▶ _EXERCISE PROMPT_
Using the listing below, set down each line from the line containing "Foster Stone Grey" through the line containing "Monese Screen screen", both ends included, exactly and with nothing added.

-------- TASK INPUTS

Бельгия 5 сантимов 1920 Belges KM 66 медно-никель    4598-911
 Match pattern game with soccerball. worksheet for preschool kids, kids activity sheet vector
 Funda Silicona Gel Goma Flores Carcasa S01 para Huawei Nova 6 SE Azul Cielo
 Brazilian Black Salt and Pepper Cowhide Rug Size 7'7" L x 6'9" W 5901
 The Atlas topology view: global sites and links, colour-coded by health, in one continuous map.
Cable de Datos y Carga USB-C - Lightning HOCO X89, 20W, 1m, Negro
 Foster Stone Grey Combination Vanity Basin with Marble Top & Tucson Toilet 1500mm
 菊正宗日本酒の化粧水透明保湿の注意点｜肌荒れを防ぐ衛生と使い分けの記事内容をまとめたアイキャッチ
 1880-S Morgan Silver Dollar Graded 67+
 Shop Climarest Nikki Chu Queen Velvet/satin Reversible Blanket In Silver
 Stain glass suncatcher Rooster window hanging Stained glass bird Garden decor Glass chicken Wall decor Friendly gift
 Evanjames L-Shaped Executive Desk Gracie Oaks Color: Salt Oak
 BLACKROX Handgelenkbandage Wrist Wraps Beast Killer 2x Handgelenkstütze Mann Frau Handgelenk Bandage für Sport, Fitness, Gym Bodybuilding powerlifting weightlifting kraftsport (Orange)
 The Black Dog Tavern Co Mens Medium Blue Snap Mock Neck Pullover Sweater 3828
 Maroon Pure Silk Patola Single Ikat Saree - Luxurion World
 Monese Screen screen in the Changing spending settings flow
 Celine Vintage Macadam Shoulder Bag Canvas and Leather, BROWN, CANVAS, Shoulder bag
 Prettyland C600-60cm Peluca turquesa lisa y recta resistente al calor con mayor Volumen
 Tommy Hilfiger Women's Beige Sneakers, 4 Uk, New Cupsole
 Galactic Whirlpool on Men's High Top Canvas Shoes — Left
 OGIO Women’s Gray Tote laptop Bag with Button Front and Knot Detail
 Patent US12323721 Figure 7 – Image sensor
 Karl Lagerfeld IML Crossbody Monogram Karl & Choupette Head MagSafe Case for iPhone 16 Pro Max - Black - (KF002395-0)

----------------

▶ _REPLY TO THE EXERCISE_
 Foster Stone Grey Combination Vanity Basin with Marble Top & Tucson Toilet 1500mm
 菊正宗日本酒の化粧水透明保湿の注意点｜肌荒れを防ぐ衛生と使い分けの記事内容をまとめたアイキャッチ
 1880-S Morgan Silver Dollar Graded 67+
 Shop Climarest Nikki Chu Queen Velvet/satin Reversible Blanket In Silver
 Stain glass suncatcher Rooster window hanging Stained glass bird Garden decor Glass chicken Wall decor Friendly gift
 Evanjames L-Shaped Executive Desk Gracie Oaks Color: Salt Oak
 BLACKROX Handgelenkbandage Wrist Wraps Beast Killer 2x Handgelenkstütze Mann Frau Handgelenk Bandage für Sport, Fitness, Gym Bodybuilding powerlifting weightlifting kraftsport (Orange)
 The Black Dog Tavern Co Mens Medium Blue Snap Mock Neck Pullover Sweater 3828
 Maroon Pure Silk Patola Single Ikat Saree - Luxurion World
 Monese Screen screen in the Changing spending settings flow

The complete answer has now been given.